Cursory inspection of the texts suggests certain common form of error, particularly in the parsing of quotation marks. The following rules provide various ways of correcting certain errors:

In [20]:
import re

tests = ["'' Text ", "*' Text", "'* Text",
         "text ''", "text *'", "text ''",
         "*Text", "text*", "text * text2",
         '\n" Text']

def quote_fix(txt):
    """Various broken quotation mark fixes."""
    # Replace any two consecutive ' and * characters
    # Note that is give a false positive for a long list of * chars
    txt_fix = re.sub("[\*']{2}",'"', txt)
    # Replace a * followed by an anlphachar assuming it to be a "
    txt_fix = re.sub("\*([a-zA-Z])", r'"\1', txt_fix)
    txt_fix = re.sub("([a-zA-Z])\*", r'\1"', txt_fix)
    txt_fix = re.sub("([a-zA-Z]) \* ([a-zA-z])", r'\1"\2', txt_fix)
    # If we get a quote at a start of a line followed by a space,
    # remove the space character
    txt_fix = re.sub('\n["\'] ','\n"', txt_fix)
    
    return txt_fix

for test in tests:
    test_fix = quote_fix(test)
    print(f"Original: --{test}-- replaced by --{test_fix}--")

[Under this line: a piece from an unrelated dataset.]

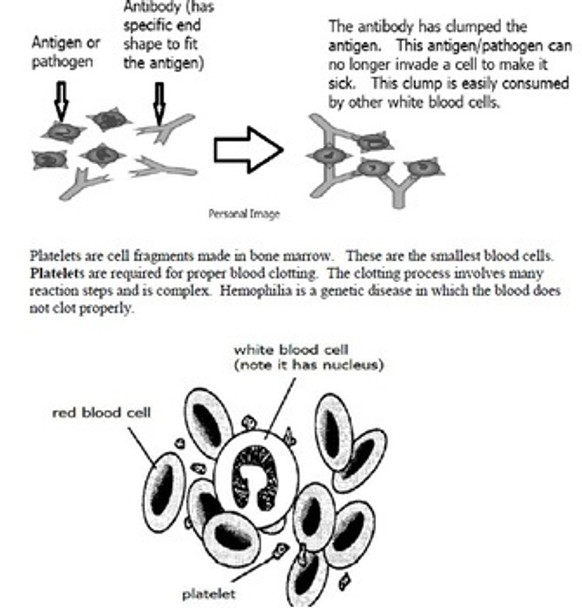 Circulation Learning Activities Package for Middle School Science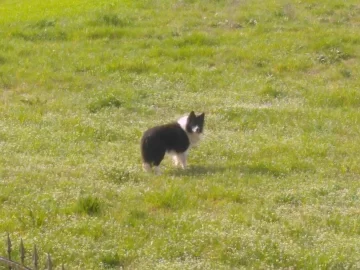 [Hearth.com] Border collie near 13 years old, vestibular syndrome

Original: --'' Text -- replaced by --" Text --
Original: --*' Text-- replaced by --" Text--
Original: --'* Text-- replaced by --" Text--
Original: --text ''-- replaced by --text "--
Original: --text *'-- replaced by --text "--
Original: --text ''-- replaced by --text "--
Original: --*Text-- replaced by --"Text--
Original: --text*-- replaced by --text"--
Original: --text * text2-- replaced by --text"text2--
Original: --
" Text-- replaced by --
"Text--